IN n the 35th year of Bungendore Wood Works, this is an important exhibition of a large number of works of high-standard furniture with many of the makers being young and upcoming – names that are new to the scene. Several prizes were awarded – all well-deserved.
The makers were given a brief: “To create a well-considered and crafted piece with saleability in a gallery context” with an “emphasis… on individually designed and made work”.
The interpretations are as broad as the number of exhibitors, as might be expected.
Will Matthysen, who regularly exhibits at Bungendore Wood Works, won the Felder Award for Fine Furniture for an eight day Wall Clock in fiddleback blackwood, sycamore, Huon pine and ancient redgum. I am always in awe that such fine, working parts can be made from wood. It combines the beauty of a work of art and the functionality of a wall clock.
Several outstanding works are on exhibit. Damien Wright uses ancient redgum for a long, plain sideboard with the title of “Tread Lightly”. The dark timber is one Wright uses frequently and in this case the base of the drawer pulls, and the four tiny feet are cased in sterling silver. They catch the light and despite its size, it appears to float.

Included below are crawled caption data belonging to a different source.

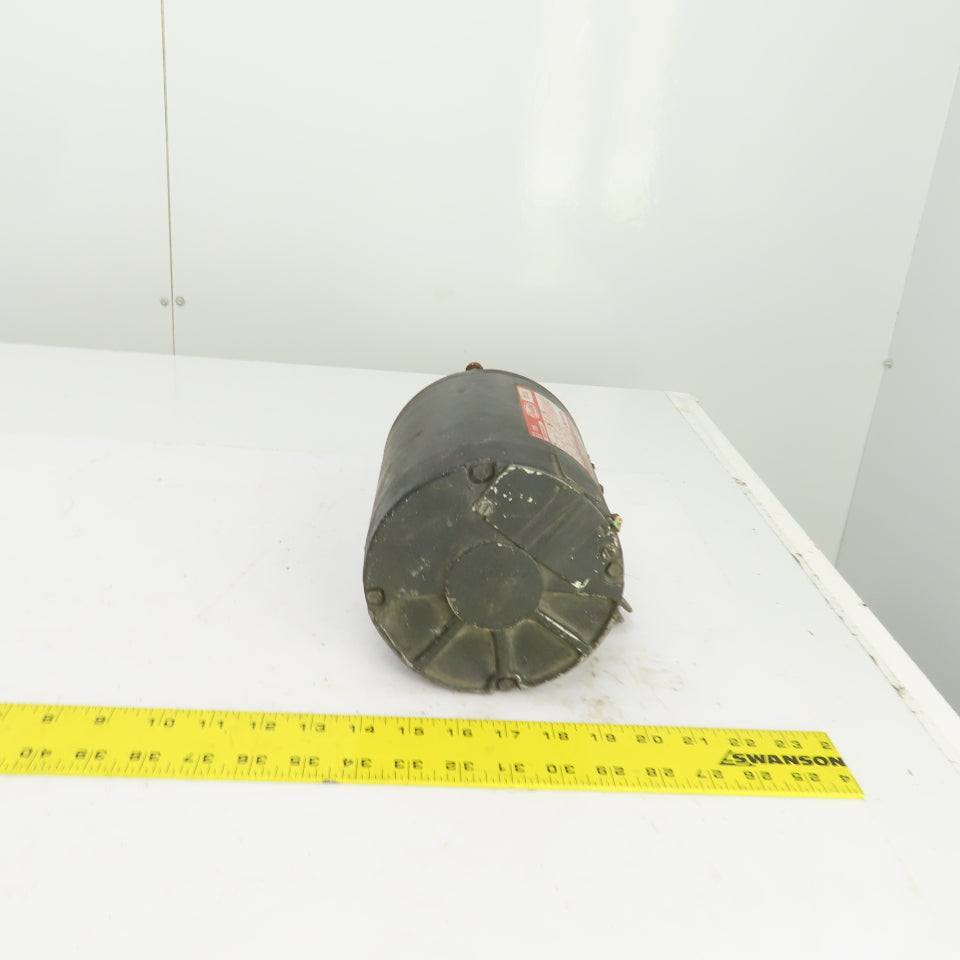 Dayton 1/4HP Electric Fan Duty Motor 1725RPM 115V 1PH 4.25A G48Y Frame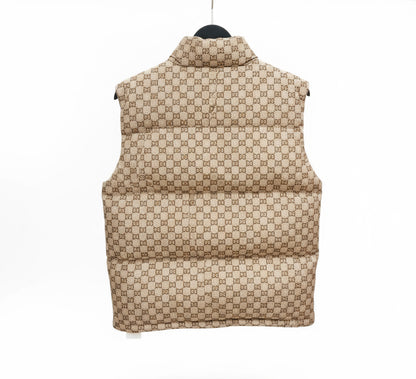 Gucci x The North Face Down Vest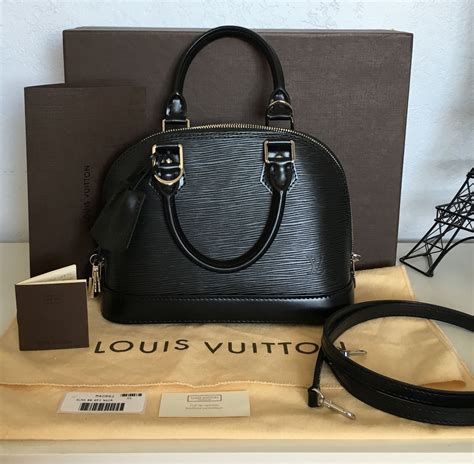 louis vuitton epi sac|Louis Vuitton alma bag.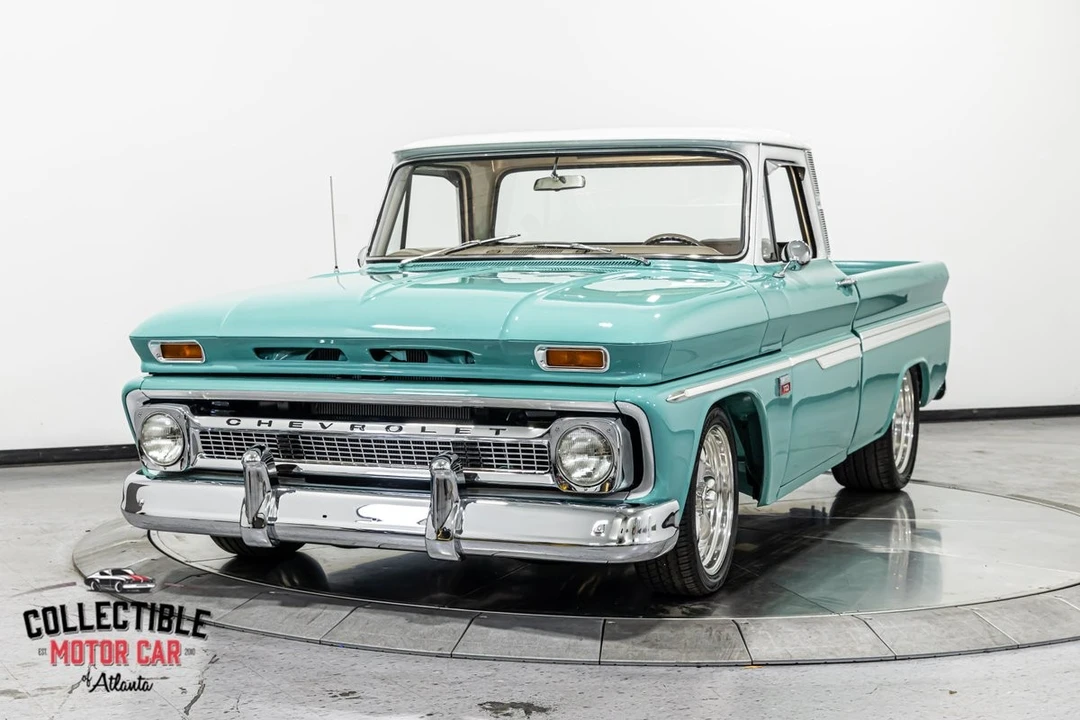 1966 Chevrolet C/K 1st Gen - Image 28 of 31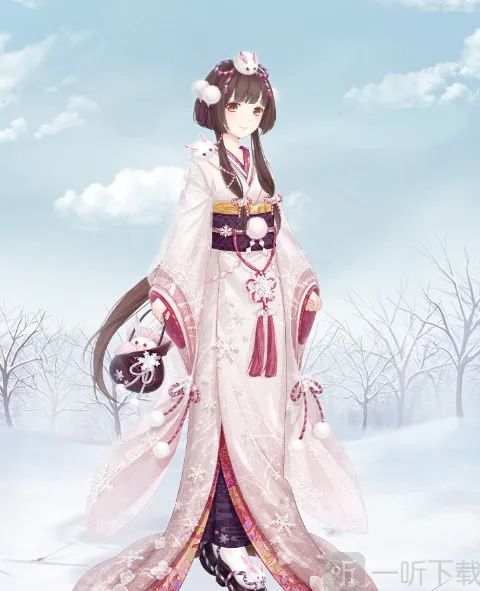 寒霜雪蕊梦套装详解 奇迹暖暖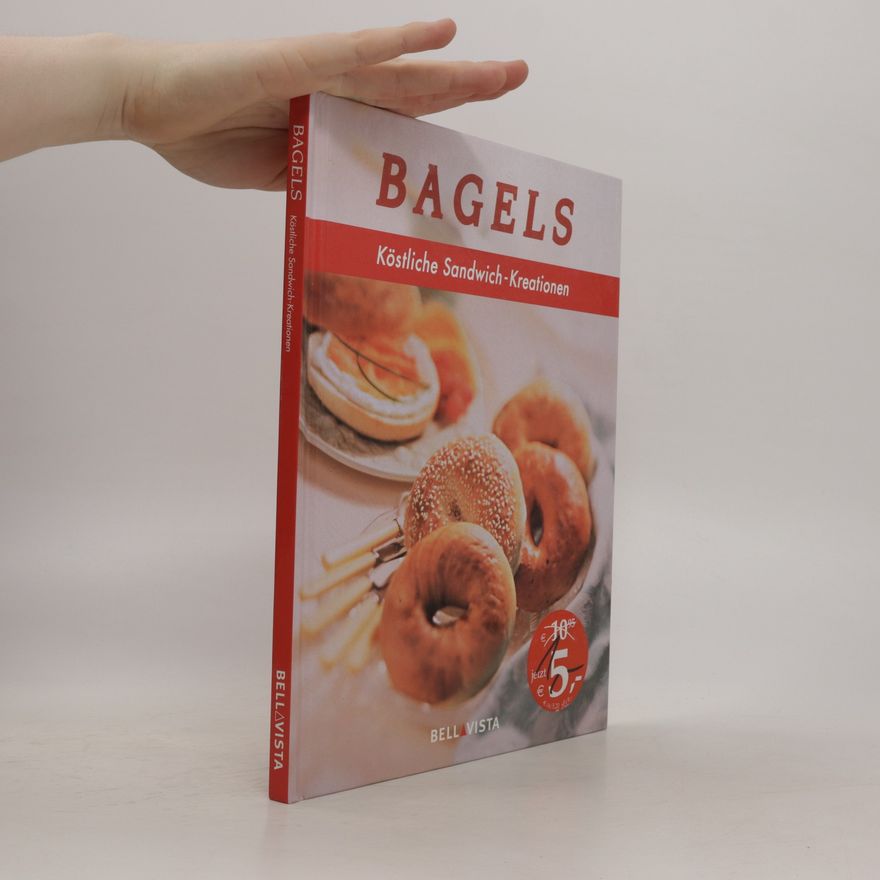 Sarah Maxwell Bagels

Many of the pieces exhibited are drinks cabinets – perhaps not surprising, as it is an occasional piece of furniture that can be added to a room and have a presence. In most examples, the cases are suspended reducing the heavy appearance of a full length cupboard.
Helmut Lueckenhausen is exhibiting two works, “Barong Watching” and “Garuda Amongst the Reeds”. They are of different sizes but are similar in design and materials. Lueckenhausen draws his inspiration from the natural world, often using animal-like forms. Several fan-like leaves rise from the top and are extended beneath the case as reeds might in a waterway.
Furniture designer/maker Adrian Potter donated a prize for a winning chair, identified as The George Ingham Fine Chair Making Award. This was won by Bernard Chandley for “CoCo” armchair in kiln-fired white oak and locally grown elm. It is a lyrical form, based on a traditional style.
There are more than 70 works in this exhibition – far too many to discuss here so I strongly urge anyone interested in fine furniture that will last for centuries to visit this major exhibition.